I’ve been doing this my entire life. I’ve supported candidates that didn’t win in the general, then held my nose and voted for my party’s candidate. I’m from the generation that considers doing that to be a civic duty.
And the moderate candidates I’m supporting now are way more progressive than the progressive candidates of my youth.
But I don’t think that electing a progressive revolutionary is going to gain you anything in terms of progressive public policy at this time. Changing out the guy at the top is useless if you don’t have a strong base of progressive leaders below him. Concentrate on building that base. Elect progressives to state and local offices. Elect more congressional reps like AOC. Flip state governments and enact progressive policy, like what is happening in Virginia. Elect progressive judges. Conservatives have been doing this for years and it’s been very successful for them.
And if you can’t get the guy you really want in, you need to help us push back the tide of conservatism. Because it’s not more of the same. Because if Trump wins in 2020 and you get a progressive in 2024, you’re not getting free college and universal healthcare. Your candidate is going to be facing challenges like making sure every American citizen has access to a loaf of bread once a week. Challenges like fighting off the Chinese Army when they come to repossess Fort Knox. Challenges like keeping actual sewage out of the drinking water.
And there’s one other lesson you need to learn from the Trump/ Republican saga. In order to be a strong advocate for a position, you do not have to believe that position yourself. “Representative” is a job title, a career, a skill set. If your biggest concern is how sincerely your candidate really believes in the positions they advocate rather than how effectively they can be in enacting them, you aren’t going to get candidates that can win. A little Machiavellianism goes a long way in politics and if you destroy good candidates over ideological purity, you aren’t going to get candidates that can win.
Because you’ve got to play the game you’re playing, not the one you think you should be playing. The rules suck, but crippling yourself by adhering to the rules as they should be in a kind and just world is suicide.
I don’t really buy this. On social issues? Sure, everyone is less racist and homphobic and all that. That’s fine. Those are the issues that the rich let us argue over because they don’t care about the result, it doesn’t affect them. We can squabble over abortion and gay rights and gun control - they don’t give a shit. In fact, they like it, it gives them the chance to make us feel like we’re making a real choice when in terms of economics, income inequality, and who holds the political power in this country, both parties are on the same side. The parties are vastly more similar than they are different.

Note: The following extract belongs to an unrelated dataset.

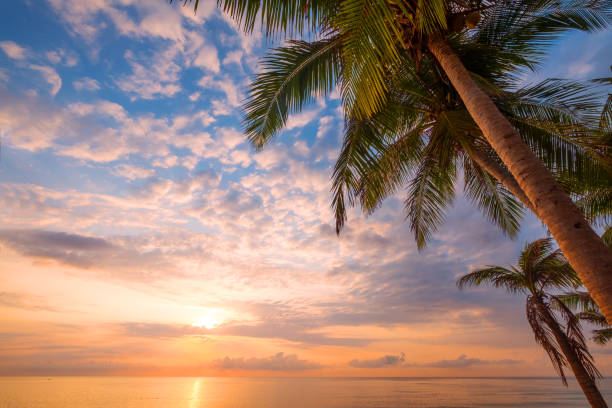 istock tropical beach in sunrise 1063547210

But economically? There used to be people on both sides who genuinely tried to serve the American public before the rich. Now there are none - Bernie is the last one that will run in our lifetimes, barring some real deal unexpected massive change in American society. Every single “moderate” democrat serves the rich and corporate interests firsts, and the American people a distant second.

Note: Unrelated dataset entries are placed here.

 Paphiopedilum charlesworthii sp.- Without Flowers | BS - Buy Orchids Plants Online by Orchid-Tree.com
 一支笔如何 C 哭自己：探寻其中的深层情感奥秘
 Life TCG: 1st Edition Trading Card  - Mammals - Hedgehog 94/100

We are an oligarchy, a managed democracy, and a kleptocracy, the parties only differ in how blatant and how destructively greedy they are in the short term. The democrats favor a more sane policy of keeping the economy good for the rich in the long term, so they’ve got a little more sane economic policy, whereas the Republicans are in the blatant Banana Republic looting the country stage. But they are not on different sides of the spectrum. They are both tools of the oligarchy. They are both significantly right wing.
Don’t confuse following social trends that don’t affect the rich as a move towards being progressive or left. We were far more left than we were now in the 1930s through 1970s. FDR was considered a class traitor for actually serving the American public. We will never see anyone like that again.